Additionally, powerlessness, similar to the situation of native Filipinos, who were taken from their homes to be exhibits in the 1904 St. Louis World Fair, as shown in Marlon Fuentes’ “Bontoc Eulogy,” is also made present in Escobar’s work through Ms. Nava. In panel ten, Ms. Nava makes one final attempt to express power through a verbalization of her thoughts saying, “You are all spoiled little boys and girls!! You have free education and you just waste it! All these opportunities that you have every day?? Do you know what it’s like to have to quit school and work in a field of landfill all day long??” (Escobar). From these lines, Escobar puts to light the true hardships that Ms. Nava faced as a Filipino immigrant worker, such as the indirect reference to the possibility that she had to quit school to work in landfills. As a Filipino immigrant worker, Ms. Nava lacked all the opportunities the students of her classroom have, but she still persevered through life to become an educator. Even after reaching America to become a teacher, she is still met with a complete powerlessness through struggles and hardships that appear unmovable, as demonstrated by the response she receives from her American students and the actions of the school administration in the panels that follow.
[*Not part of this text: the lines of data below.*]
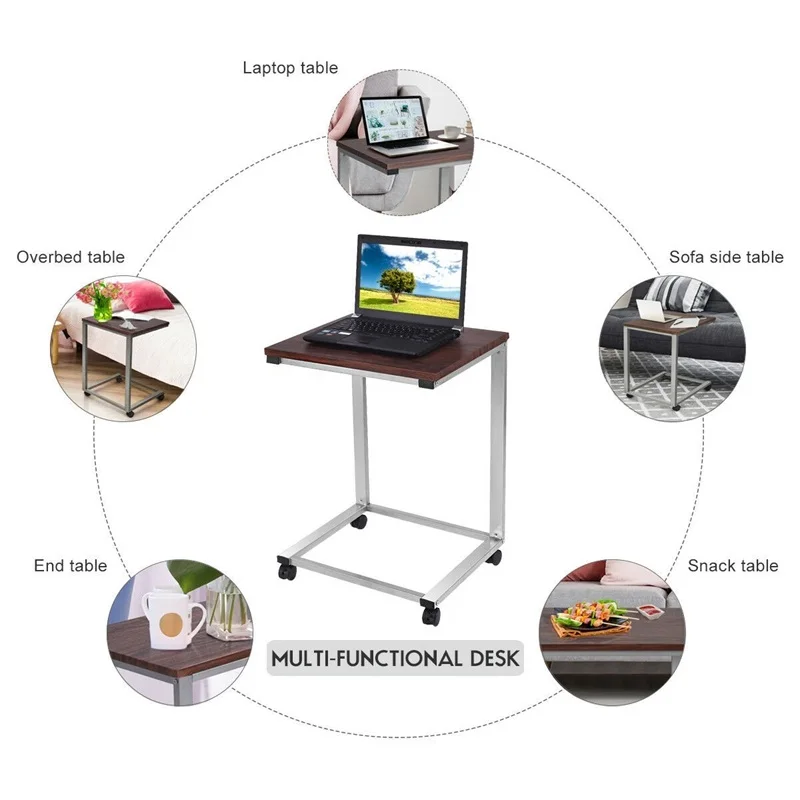  High Quality Portable Rolling Stand Sofa Side Table Sturdy Engineering MDF Iron Frame End Table Fou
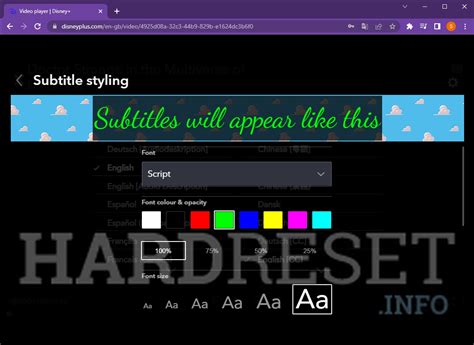 How to Change Font Size on Disney+ - HardReset.info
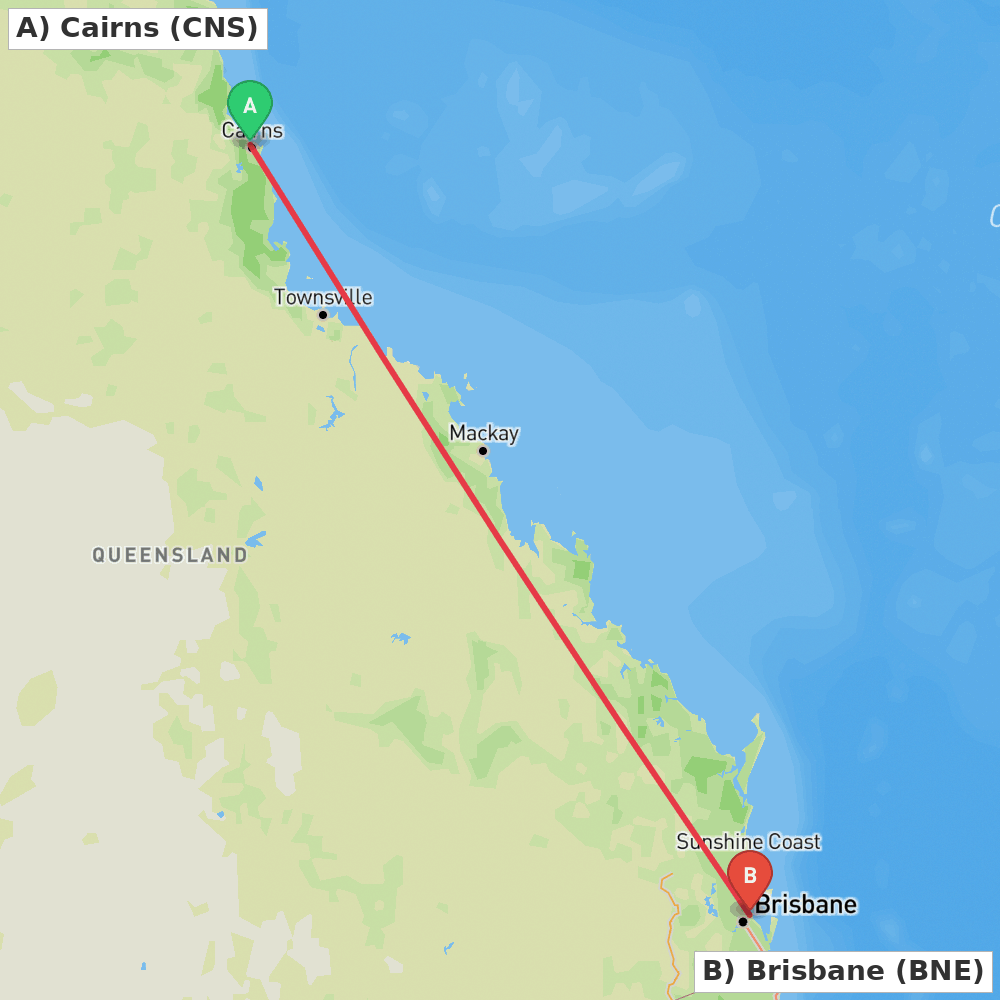 Flight route map from Cairns to Brisbane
Similar to the native Filipinos of “Bontoc Eulogy,” Ms. Nava from the perspective of her students is like an exhibit, where she is laughed and mocked, as demonstrated in panel eleven. After Ms. Nava’s burst of anger through a final plea to educate her class, the narrator describes the feelings of the students saying, “The class erupted. They exchanged glances and held their bellies. They couldn’t relate. The concepts were so alien to them that it was funny. What was that, Ms. Nava??… She’s nuts dude. Fuckin’ nuts!” (Escobar). Like the Filipinos, who were on display at the 1904 St. Louis World Fair, Ms. Nava is seen as something alien, which leads her class to view her as nothing more than spectacle, rather than their instructor, when she attempts to educate the class. Aside from the narrator’s connection with Ms. Nava, the classroom lacks the values of kapwa and pakikisama, as the majority of the class fails to relate and understand the hardships that Ms. Nava faces as a Filipino teacher on a work visa.
Through this work, I was able to establish connections with some of the core values of Filipinos and the common struggles faced by Filipinos throughout history. I also learned about the struggles of a particular individual, Ms. Nava, who struggled through growing up working in a landfill. Even after she migrated to America on a work visa, she is met with disrespect by her students and powerlessness, when she is fired by the school administration and deported back to the Philippines. Before reading this work, I never really thought of the struggles that teachers go through as educators of young students, as I did not connect with teachers in the way the narrator is able to with Ms. Nava. Through a deeper analysis of this work, I saw correlations with many of the past topics discussed throughout the semester, which improved my reading experience. After analyzing this work, I was able to gain a deeper appreciation for a comic that appeared simple from first glance, but actually contained a wealth of insight into Filipino culture.